Fundamental Attribution Error – The tendency to blame others when things go wrong, rather than looking at a situation objectively. You may make a bad investment decision, and blame the friend who told you about it, when it was ultimately your decision to make.
Gambler’s Fallacy – The tendency to think that future possibilities are altered by past events when, in reality, they are unchanged. Think of flipping a coin which has landed on heads 5 times in a row – we’ll overestimate the probability of the sixth flip being tails. The longer things go well, the more we fear something bad happening in the future.
IKEA Effect – The tendency for people to place a disproportionately high value on something they’ve assembled themselves (think flatpack furniture) despite the ultimate quality of the end result. For example, in a period when equity markets have performed well, anyone who’s done a bit of research and picked some funds will overestimate their skill when these funds subsequently provide decent returns (in isolation).
Loss Aversion – The pain we feel following losses outweighs the joy we feel following equivalent gains by 2:1. Imagine losing £50,000 compared to gaining £50,000, following a £100,000 investment. The money has moved by the same amount, yet the loss has a far greater impact on our emotion.
Money Illusion – The tendency to concentrate on the face value of money rather than its real value in terms of purchasing power. This is magnified as the numbers get bigger. We are able to appreciate that £20 won’t buy as much in the future as it does today, yet we struggle to equate this to larger sums. Convert this to £200,000 – the impact of inflation is still relative, yet we fail to pay it the same credence.
Negativity Bias – Humans have a tendency to better recall negative or unpleasant memories compared to positive memories. This, in turn, impacts our future decision making as we immediately turn to bad experiences in the past for confirmation.
Normalcy Bias – The refusal to plan for something simply because we haven’t experienced it before. Think about retirement. You won’t know how it feels to retire until you actually do it. Wouldn’t it be nice to have planned for it anyway?
Omission Bias – The tendency to judge harmful actions as worse than equally harmful inactions.
Optimism Bias – The tendency to overestimate the likelihood of favourable or pleasing outcomes based on a decision. This is why millions of people play the lottery but neglect their savings.
Overconfidence Bias – Excessive confidence in one’s own ability. This is why we trust ourselves over impartial professionals when it comes to making financial decisions.
Paralysis by Analysis – over-analysing a situation to the extent that a decision is never actually taken, effectively paralysing our ability to actually reach a conclusion.

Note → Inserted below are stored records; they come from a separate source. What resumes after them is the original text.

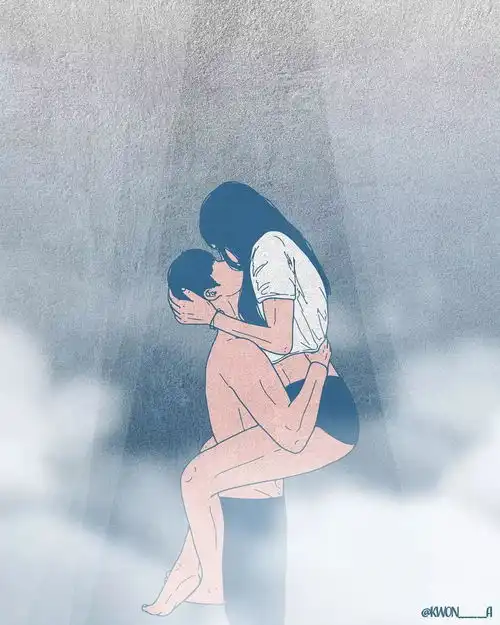 他画出情侣间的羞羞日常,无脸男女性感撩人,撩得12万粉丝脸红心跳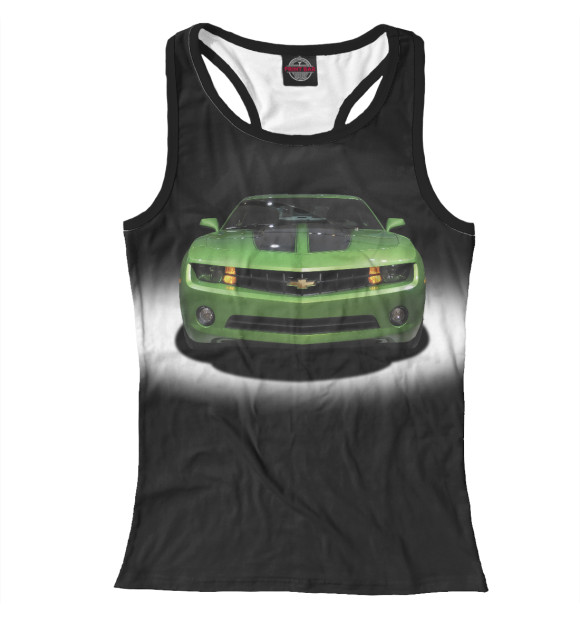 Женская майка-борцовка с изображением Chevrolet Camaro цвета Белый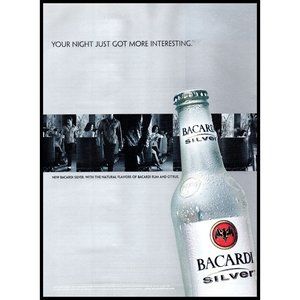2002 Bacardi Silver Rum Vintage Print Ad Night Club Lounge Hookup Wall Art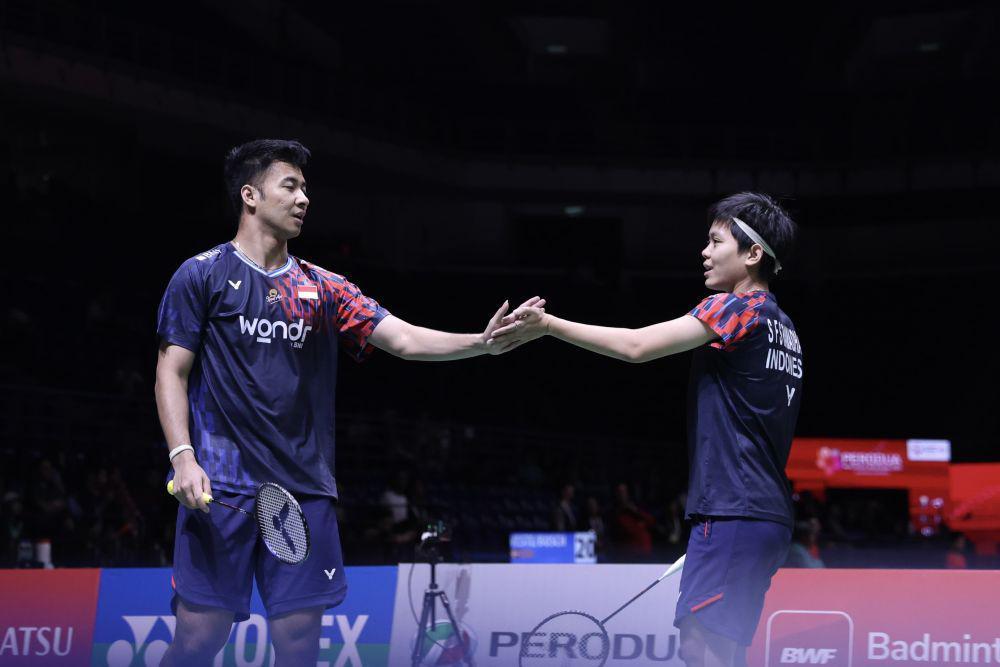 Dejan Ferdinansyah/Siti Fadia Silva Ramadhanti di 16 besar Malaysia Masters 2025 (dok.PP PBSI)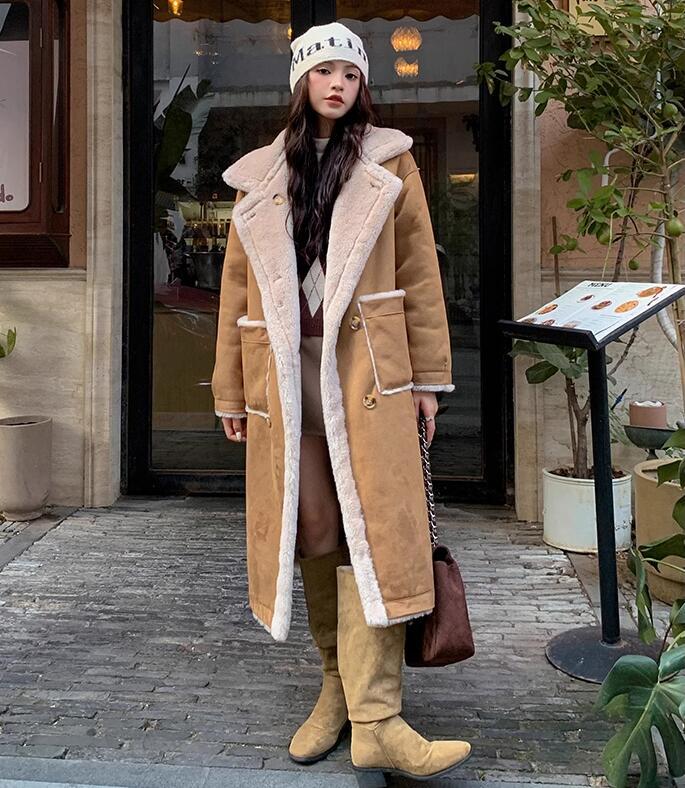 Womens New Fashion Winter Lapel Long Sleeve Loose Warm Faux Lamb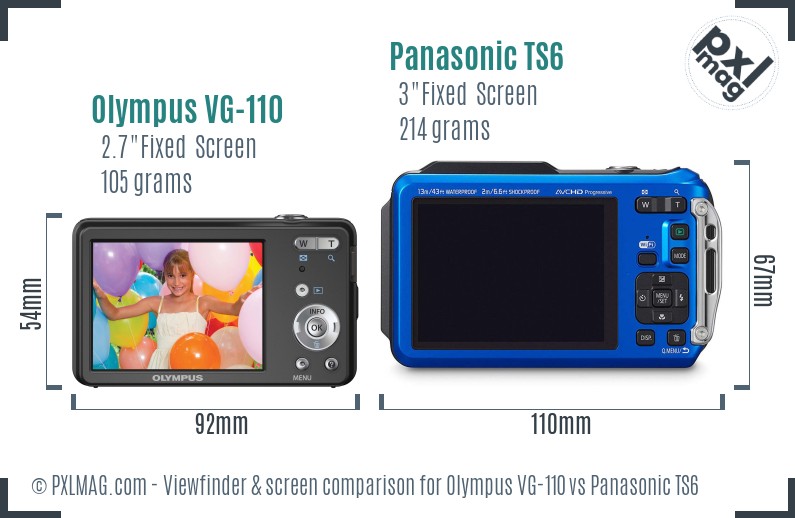 Olympus VG-110 vs Panasonic TS6 Screen and Viewfinder comparison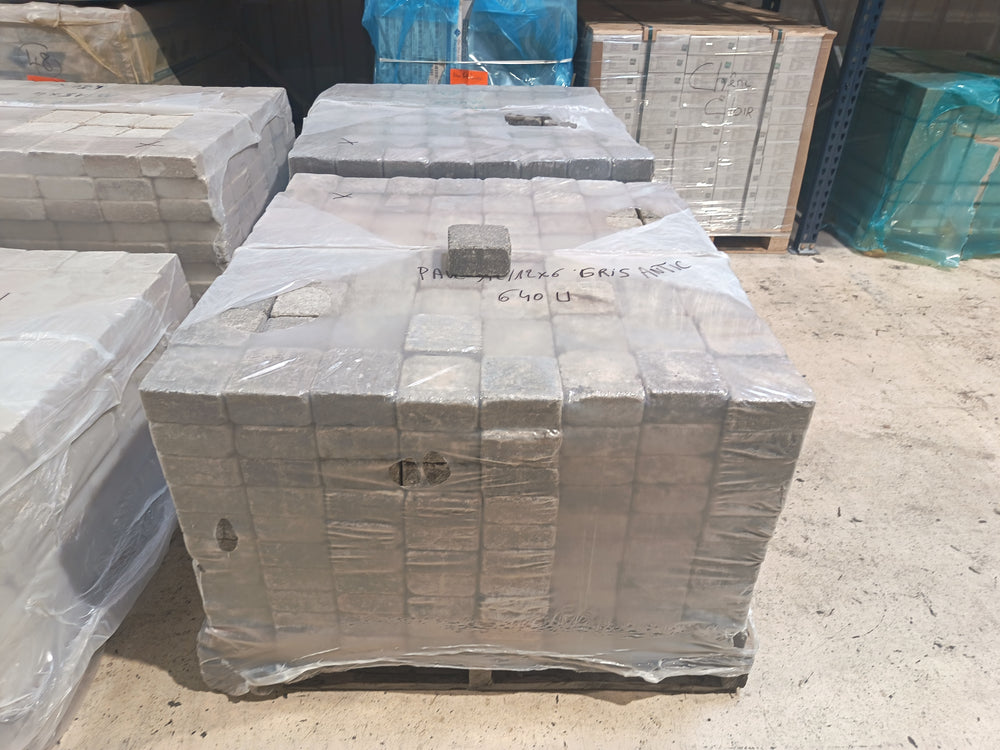 Pavé béton Gris Antic - 120 x 120 x 60 mm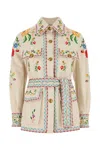 Valentino Embroidered Denim Jacket In Neutral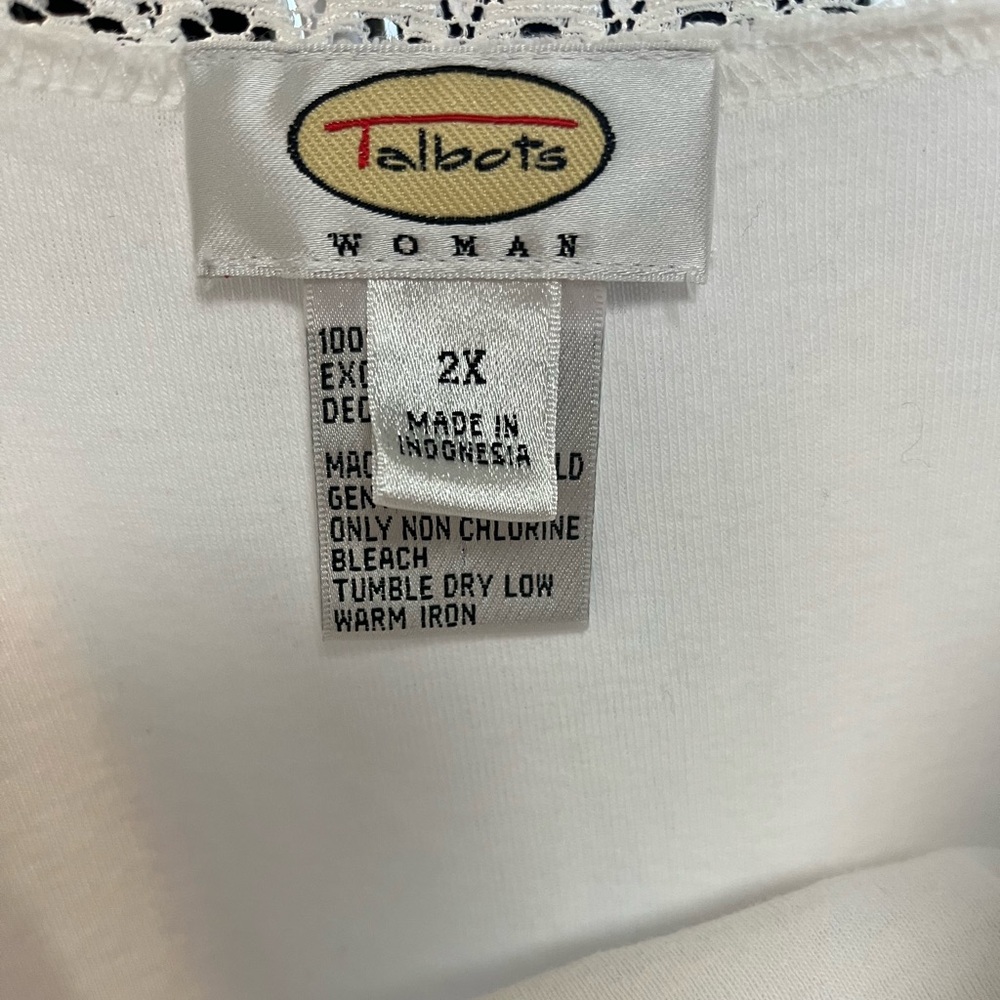 Talbots Woman White 100% Cotton Lace Trim Women's Micro Ribbed Tank Top 2X - Picture 2 of 11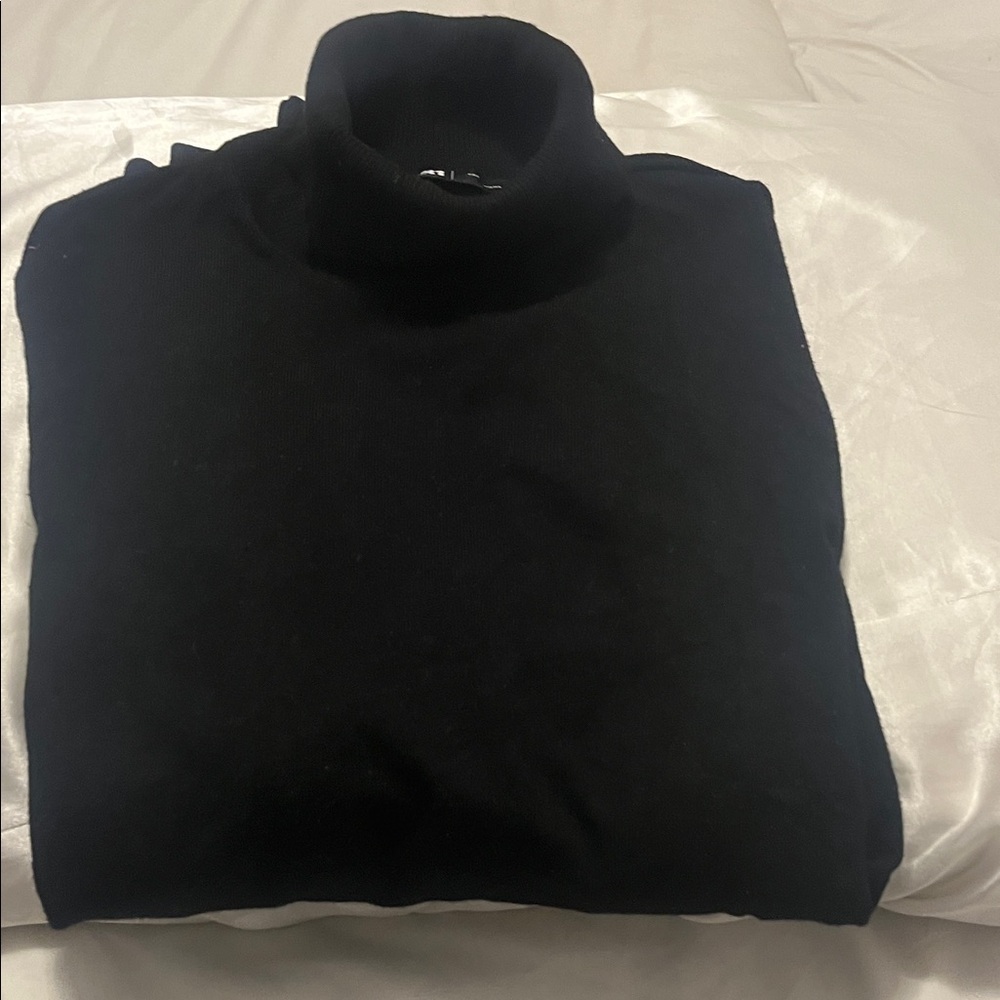 Elegant Black Turtleneck Sweater for Men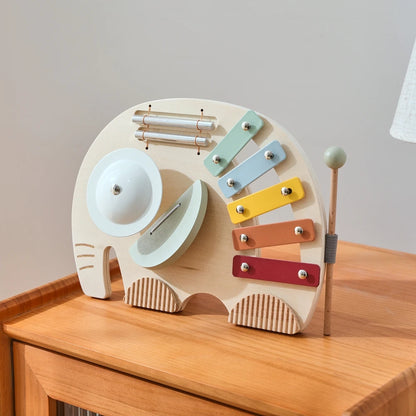 Baby Wooden Instruments Toys Educational Toys Children's Musical Toys Elephant Xylophone Newborn Birthday Gifts Music Table Toys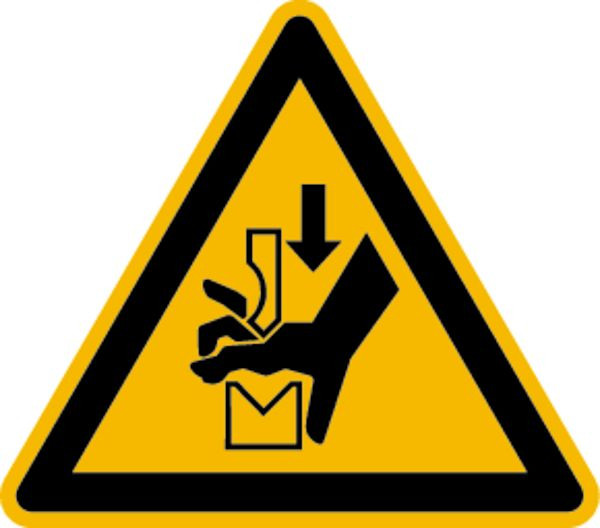 Schilder Klar Warnzeichen Warnung vor Quetschgefahr zwischen Werkzeugen einer Presse DIN EN ISO 7010-W030, 100 mm Folie selbstklebend, 1514/61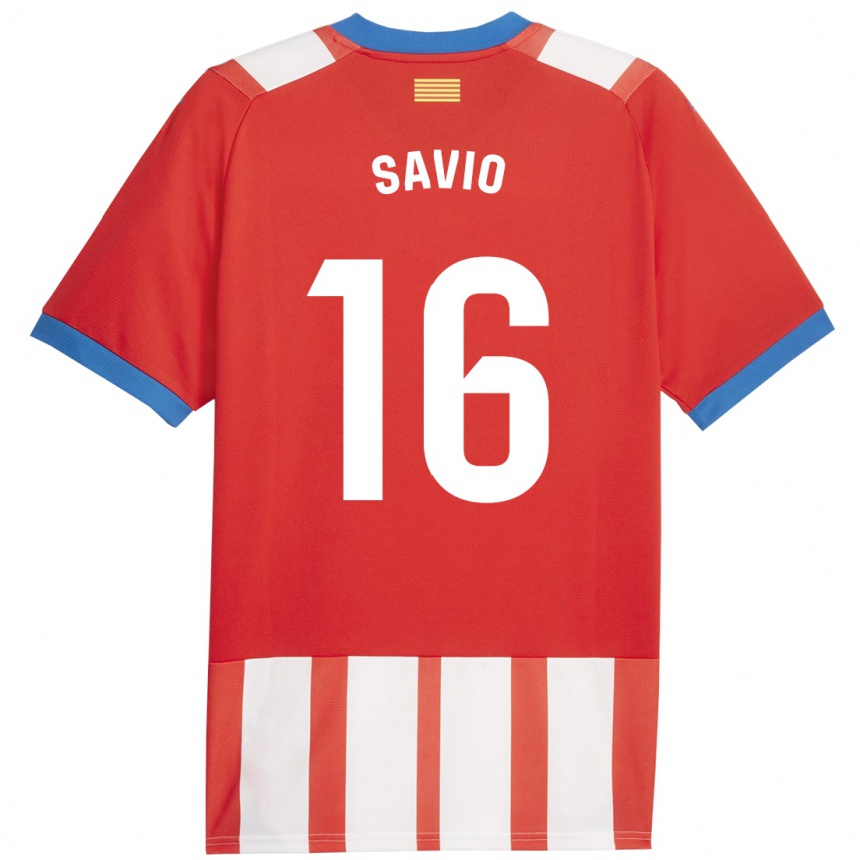 Kinder Fußball Sávio #16 Rot-Weiss Heimtrikot Trikot 2023/24 T-Shirt Luxemburg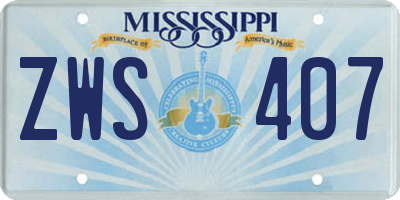 MS license plate ZWS407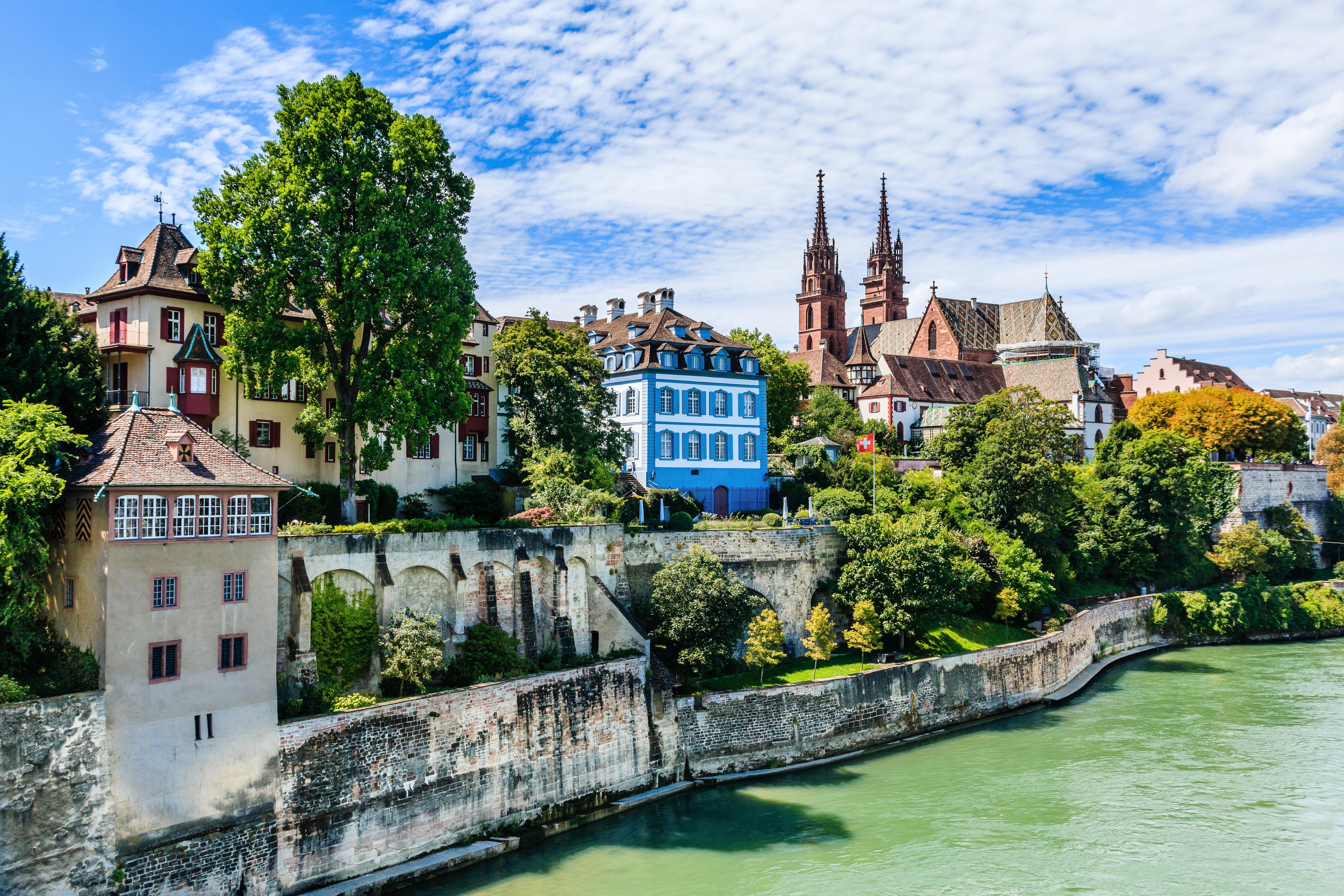 Vibrant summer atmosphere in Basel, Switzerland.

When presented with too many options, we simply lose the ability to function rationally.
Post-Purchase Rationalisation – The tendency to convince yourself through rational argument that a purchase was good value.
Projection Bias – The tendency to overestimate how much our future selves will share our current views, values, opinions and preferences. You may continue working towards a goal that has since become unimportant.
Regret Aversion – The tendency to avoid making decisions through fear of regret.
Restraint Bias – Overestimating our ability to show restraint in the face of temptation. Thinking we have a grip on credit card debt (nobody does).
Risk Compensation – The propensity to increase risks when perceived safety increases. We may take greater risk with our pension pot if we have other guaranteed retirement income, only to be devastated when our fund value dramatically declines.
Status Quo Bias – Preferring things to stay the same, regardless of potentially better options.
Sunk Cost Fallacy – Justifying increased belief in a decision based on previous decisions, despite new evidence suggesting the decision was probably wrong. The more you invest, the harder it becomes to let go.